Dos conceitos acima referidos, a cessão do direito de imagem não se confunde com o salário. Mas é bem verdade que se não há o contrato de trabalho, também não há o contrato de cessão de imagem. Vale lembrar, todavia, que o contrato de cessão do uso da imagem necessariamente não precisa ser feito com o próprio empregador, sendo comum vermos contratos de jogadores com terceiros, como Nike, Reebok etc.
É de se registrar, todavia, que os contratos para exploração da imagem vêm sendo utilizados por clubes para burlar a legislação trabalhista, anotando-se pequeno valor no contrato de trabalho do atleta e o restando da remuneração em um contrato fajuto de imagem (ZAINAGHI, 2003). A Justiça do Trabalho tem nulificado estes contratos nitidamente fraudados, pela aplicação do artigo 9º da CLT.

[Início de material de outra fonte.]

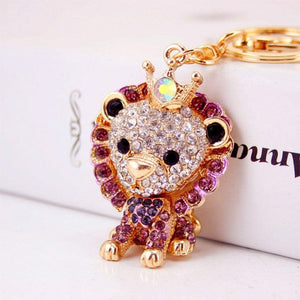 Lion Rhinestone Keychain Holders - Purse Accessories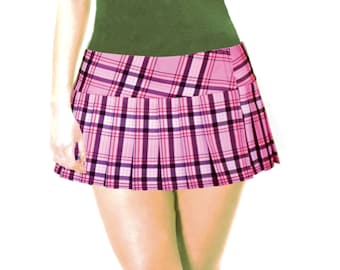 MICRO MINI Rock kariert plissiert (babypink)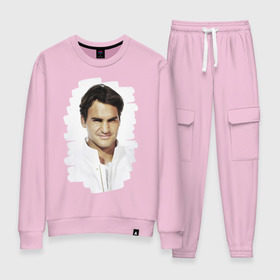 Женский костюм хлопок с принтом Roger Federer в Петрозаводске, 100% хлопок | на свитшоте круглая горловина, мягкая резинка по низу. Брюки заужены к низу, на них два вида карманов: два 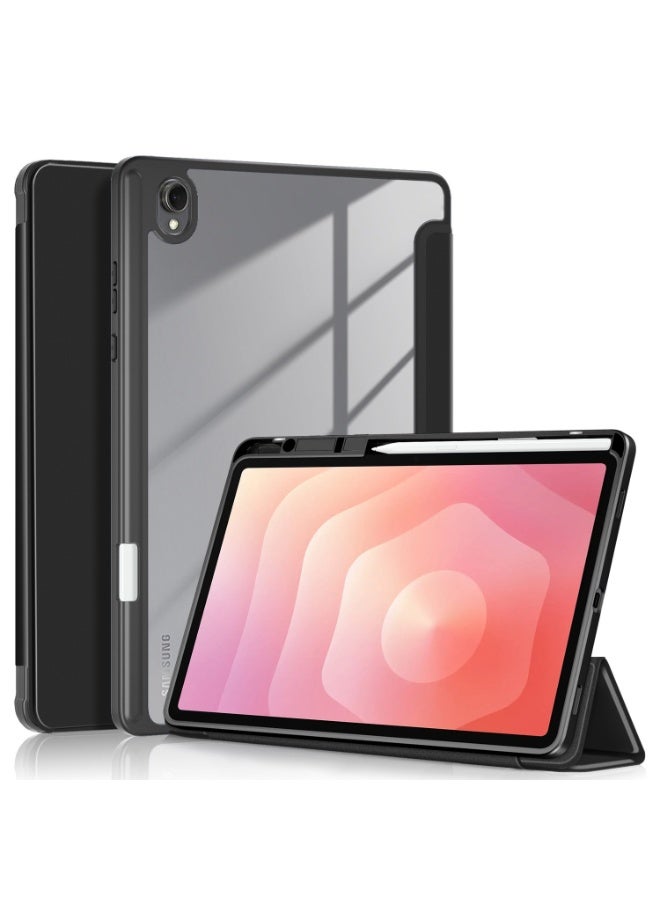 vغطاء لسامسونج تاب S11 SM-X730 11 بوصة مع حامل قلم، غلاف خلفي صلب شفاف من البلاستيك الصلب، غلاف ذكي ثلاثي الطي مع حامل لجالاكسي تاب S11، استيقاظ/نوم تلقائي. - Image 1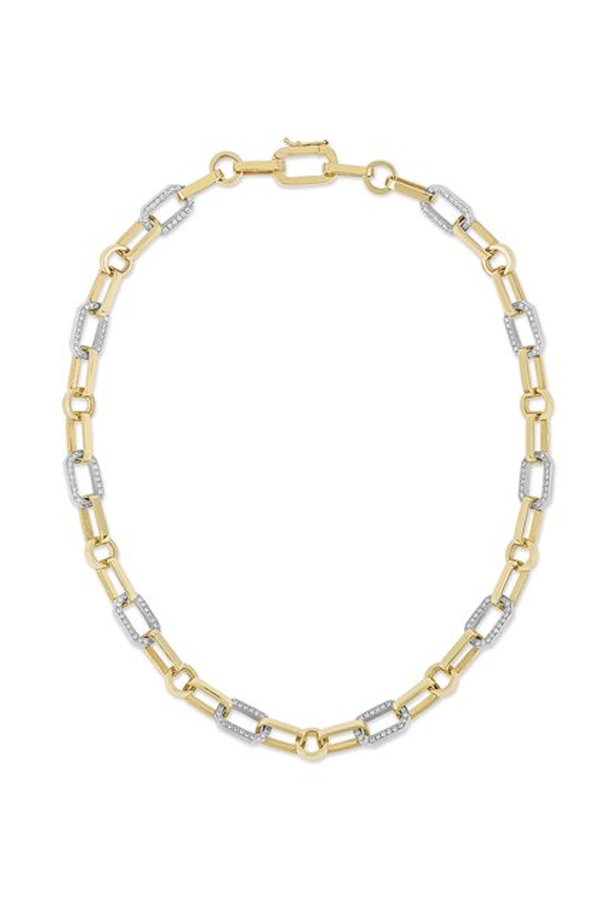 Mixed Link Silver and Gold Diamond Chain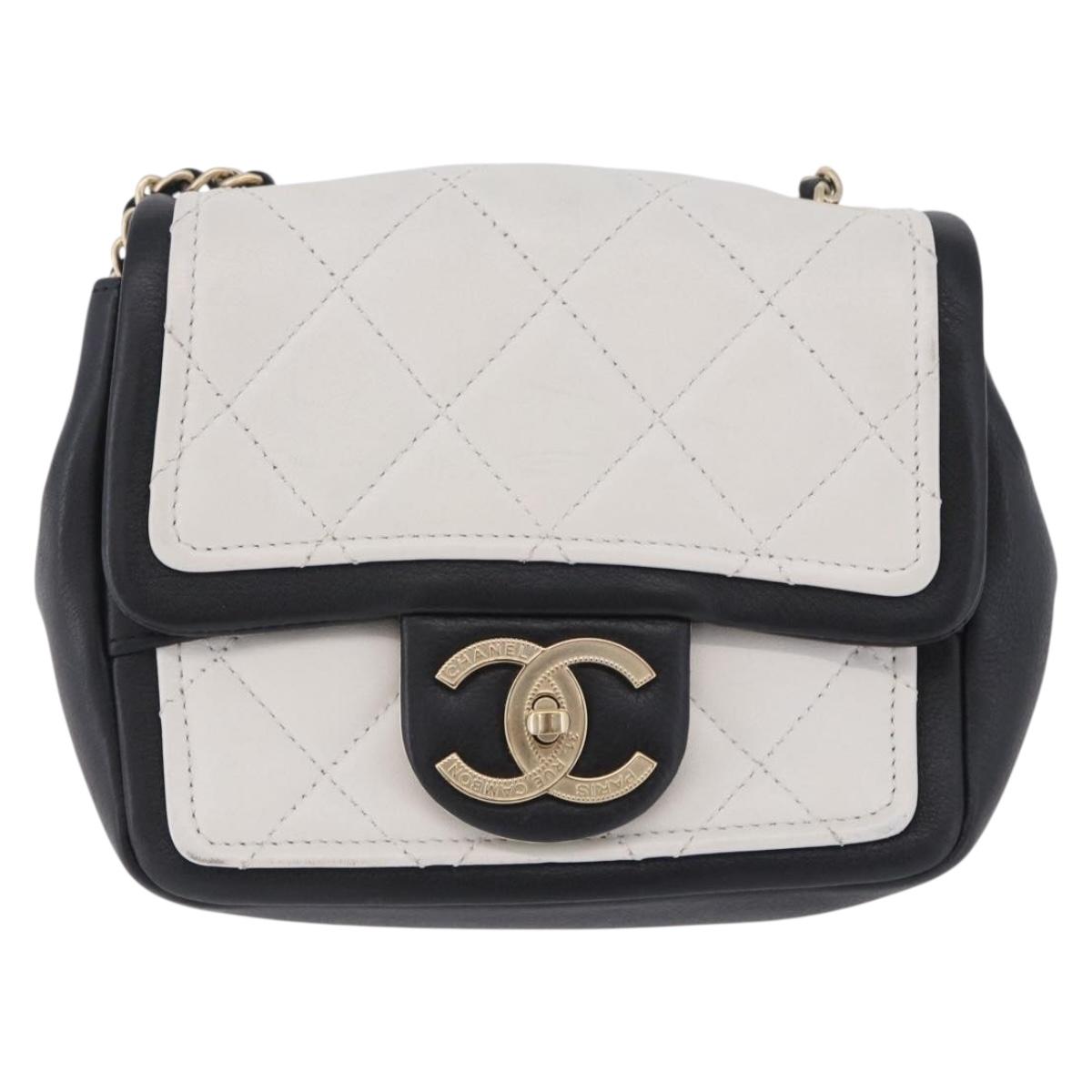 CHANEL Matelasse Chain Shoulder Bag Lamb Skin Black Gold CC Auth 202464SAM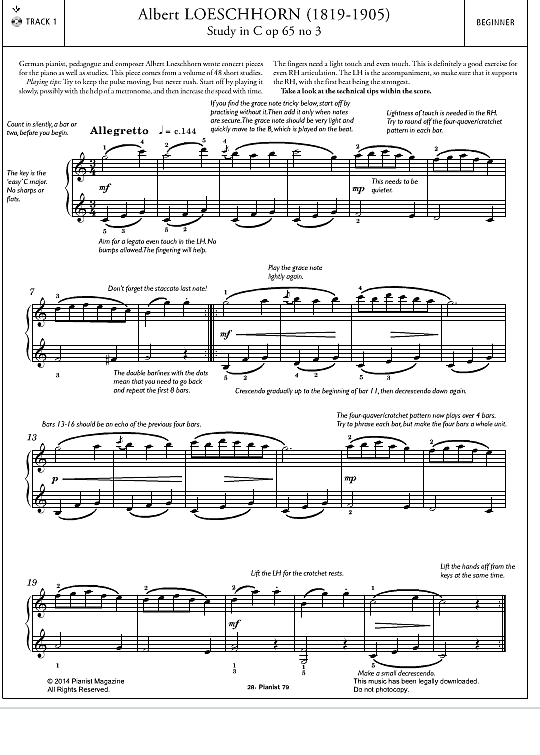 Study In C Op.65 No.3 Klavier Solo - PDF Noten von Albert Loeschhorn in ...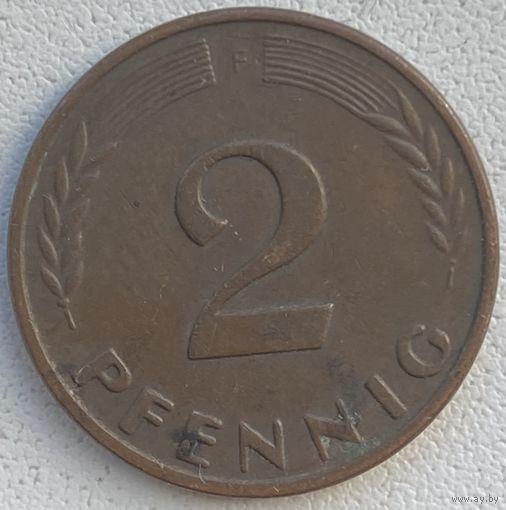 Германия 2 пфеннига 1962 г. F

Por oportuno, colaciono as seguintes ementas de jurisprudência:
DIREITO DE IMAGEM. INTEGRAÇÃO AO SALÁRIO. O pagamento de quantia fixa mensal a título de direito de imagem, independentemente do uso efetivo da imagem constitui salário disfarçado e integra a remuneração do atleta (TRT/5. ACÓRDÃO Nº 1767/08. 4ª. TURMA. RECURSO ORDINÁRIO Nº 01522-2006-035-05-00-9-RO. RELATOR: Desembargador VALTÉRCIO DE OLIVEIRA.

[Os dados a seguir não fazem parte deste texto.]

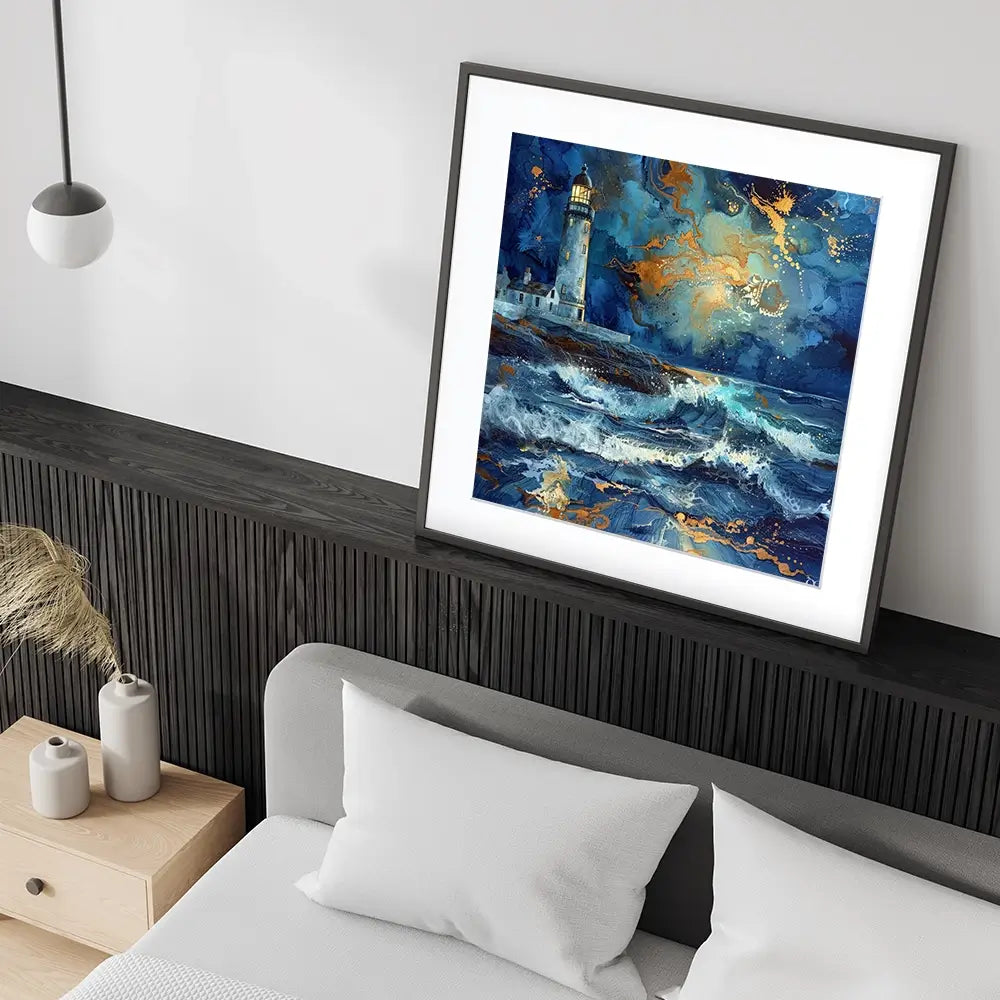Stormy Lighthouse Framed Art Print Stormy Lighthouse Framed Art Print wall art product David Alexander Elder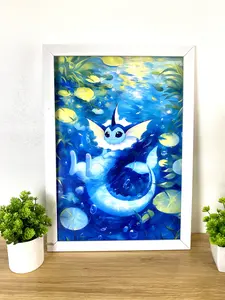 Vaporeon Unframed Wall Art, Handmade Poster, Fairycore Aesthetic Art Print, Wall Decor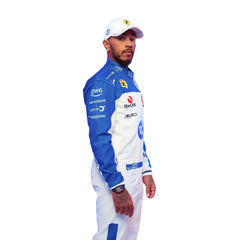 Side Profile of the 2025 F1 racing suits worn by Lewis Hamilton at the Miami GP, showcasing sleek aerodynamic design with tropical-inspired detailing and precision sponsor placement-Bestracewear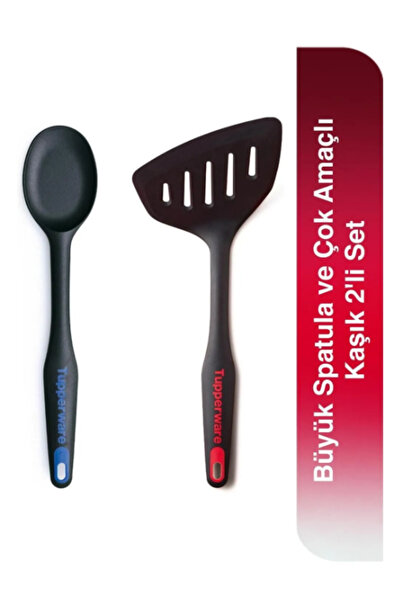 Süper Dükkan Tupperware Büyük Spatula Ve Çok Amaçlı Kaşık 2'li Set
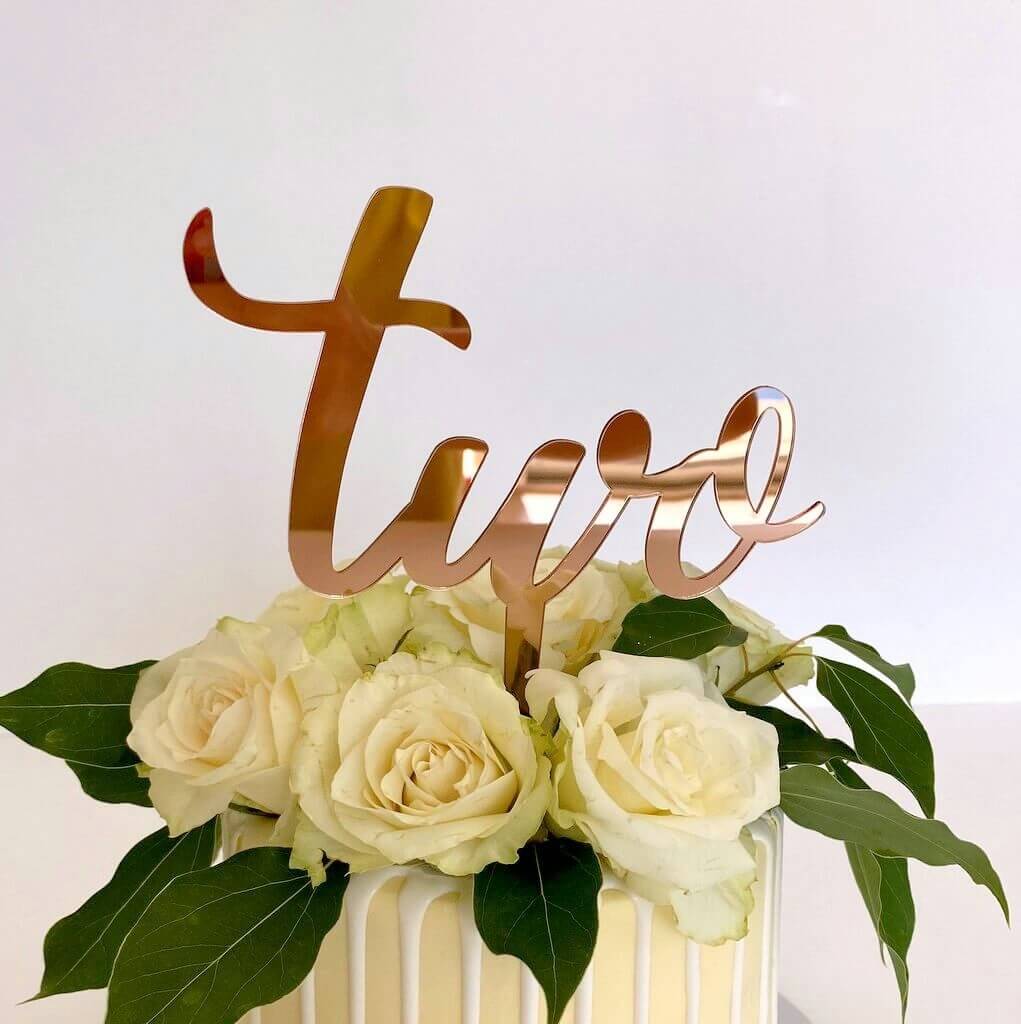 Acrylic Rose Gold Mirror 'Two' Birthday Cake Topper - Style A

DIREITO DE IMAGEM EMPRESA DE FACHADA FRAUDE - ÔNUS DA PROVA PRINCÍPIO DO LIVRE CONVENCIMENTO DO JUIZ ARTIGOS 131 E 333 DO CPC DIFERENÇA. Quando o magistrado decide com base no contexto da prova, atento à sua quantidade e/ou qualidade, por certo que sua decisão está diretamente ligada ao princípio do livre convencimento consagrado no artigo 131 do CPC e não no princípio distributivo do onus probandi . No caso em exame, o Regional reconheceu a natureza salarial dos valores pagos pelo uso da imagem do reclamante, ao concluir que se constitui fraude à legislação do trabalho a conduta da reclamada que impôs ao reclamante a participação em empresa de prestação de serviços de fachada, para recebimento de quantias, que originalmente lhe eram pagas diretamente e em igual montante, após análise da prova produzida pelas partes e não sob o fundamento de quem deveria produzi-la e não o fez. Agravo de instrumento não provido. (TST. NÚMERO ÚNICO PROC: AIRR - 50622/2002-900-03-00. PUBLICAÇÃO: DJ - 07/03/2003. Relator: MILTON DE MOURA FRANÇA).
Sublinho que não há vedação de se firmar com o atleta um contrato para exploração comercial da sua imagem. O que é ilícito é utilizar um pretenso contrato civil para fraudar a relação de emprego.
De qualquer forma, foi possível definir as diferenças entre o direito de arena e o direito de imagem, que não se confundem e podem subsistir numa mesma relação.